This page has a tendency to add levity to serious issues, but the reality was no laughing matter when the Bank of England intervened in this fiscal shock treatment being performed by Truss and her Chancellor Kwasi Kwarteng - acting on the behalf of their banana-republic, Tufton St paymasters in the IEA and elsewhere - that to this day has left the UK with a shortfall of around £30 Billion according to the Resolution Foundation.
In fact, the situation was terrifying - most had no idea how close to the precipice of total economic collapse Britain truly was.
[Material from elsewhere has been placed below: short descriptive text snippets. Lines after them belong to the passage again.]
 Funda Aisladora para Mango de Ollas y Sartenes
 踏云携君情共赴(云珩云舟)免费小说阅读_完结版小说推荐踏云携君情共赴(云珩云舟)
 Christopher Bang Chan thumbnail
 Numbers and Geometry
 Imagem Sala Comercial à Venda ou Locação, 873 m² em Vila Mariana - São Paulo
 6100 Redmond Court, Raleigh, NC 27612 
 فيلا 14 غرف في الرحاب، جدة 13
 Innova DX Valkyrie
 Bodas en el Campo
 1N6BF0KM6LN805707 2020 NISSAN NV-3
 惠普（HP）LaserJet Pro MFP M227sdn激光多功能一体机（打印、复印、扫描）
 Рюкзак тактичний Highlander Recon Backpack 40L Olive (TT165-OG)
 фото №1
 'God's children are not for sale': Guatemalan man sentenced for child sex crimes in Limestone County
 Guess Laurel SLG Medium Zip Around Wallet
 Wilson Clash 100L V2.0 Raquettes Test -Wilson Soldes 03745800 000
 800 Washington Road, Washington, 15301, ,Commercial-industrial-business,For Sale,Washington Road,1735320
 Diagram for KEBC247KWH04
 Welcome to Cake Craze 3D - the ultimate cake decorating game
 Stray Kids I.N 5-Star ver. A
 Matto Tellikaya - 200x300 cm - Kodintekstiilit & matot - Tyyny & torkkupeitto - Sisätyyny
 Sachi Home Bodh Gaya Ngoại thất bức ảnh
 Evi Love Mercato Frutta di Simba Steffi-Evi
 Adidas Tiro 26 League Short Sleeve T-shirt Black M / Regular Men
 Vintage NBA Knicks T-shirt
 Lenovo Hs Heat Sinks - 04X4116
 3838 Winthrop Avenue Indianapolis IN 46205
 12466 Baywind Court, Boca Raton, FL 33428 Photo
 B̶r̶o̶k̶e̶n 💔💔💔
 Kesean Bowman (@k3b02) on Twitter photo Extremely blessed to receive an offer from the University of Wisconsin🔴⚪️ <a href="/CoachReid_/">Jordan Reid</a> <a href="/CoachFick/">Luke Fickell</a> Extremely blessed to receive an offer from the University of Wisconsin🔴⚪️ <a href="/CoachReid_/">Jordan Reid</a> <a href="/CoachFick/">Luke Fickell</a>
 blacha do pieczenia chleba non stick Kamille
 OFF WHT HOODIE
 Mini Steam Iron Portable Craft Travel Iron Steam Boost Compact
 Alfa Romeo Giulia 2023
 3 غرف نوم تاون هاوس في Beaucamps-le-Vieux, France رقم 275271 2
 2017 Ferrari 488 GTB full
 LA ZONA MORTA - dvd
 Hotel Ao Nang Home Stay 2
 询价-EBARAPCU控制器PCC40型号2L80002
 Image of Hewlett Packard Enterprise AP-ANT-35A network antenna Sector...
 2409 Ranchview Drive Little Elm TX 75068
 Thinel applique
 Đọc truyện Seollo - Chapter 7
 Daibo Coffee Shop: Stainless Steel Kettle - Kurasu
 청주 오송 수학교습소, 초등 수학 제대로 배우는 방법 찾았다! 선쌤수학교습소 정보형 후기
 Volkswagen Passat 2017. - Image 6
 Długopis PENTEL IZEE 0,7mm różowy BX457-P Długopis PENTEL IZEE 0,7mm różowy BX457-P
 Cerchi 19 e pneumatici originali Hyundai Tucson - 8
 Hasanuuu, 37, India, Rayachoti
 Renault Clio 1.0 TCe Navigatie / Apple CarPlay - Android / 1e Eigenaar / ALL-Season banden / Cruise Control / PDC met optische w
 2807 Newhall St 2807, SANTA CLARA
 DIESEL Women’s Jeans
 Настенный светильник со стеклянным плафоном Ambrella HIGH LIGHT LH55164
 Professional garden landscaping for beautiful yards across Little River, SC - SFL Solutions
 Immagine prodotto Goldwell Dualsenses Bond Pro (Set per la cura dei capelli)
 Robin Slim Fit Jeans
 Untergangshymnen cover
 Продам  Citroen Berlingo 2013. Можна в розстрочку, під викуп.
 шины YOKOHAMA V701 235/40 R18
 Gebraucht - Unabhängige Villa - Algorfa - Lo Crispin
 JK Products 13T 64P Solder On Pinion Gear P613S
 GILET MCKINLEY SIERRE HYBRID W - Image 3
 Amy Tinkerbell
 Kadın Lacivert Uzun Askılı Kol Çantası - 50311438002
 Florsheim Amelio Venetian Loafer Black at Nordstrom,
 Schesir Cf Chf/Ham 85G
Many probably still have no idea.
“There's always an Arquillian Battle Cruiser, or a Corillian Death Ray, or an intergalactic plague that is about to wipe out all life on this miserable little planet, and the only way these people can get on with their happy lives is that they DO NOT KNOW ABOUT IT!” - K. - ‘Men in Black’ (1997)
“Within hours,” said Andrew Bailey from the Bank of England.
Public support for the Conservatives subsequently ebbed to its lowest point in years and it culminated in a Conservative Party conference that was variously being described as a “shitshow with a capital S” or a “Truss-terfuck” by other Conservatives.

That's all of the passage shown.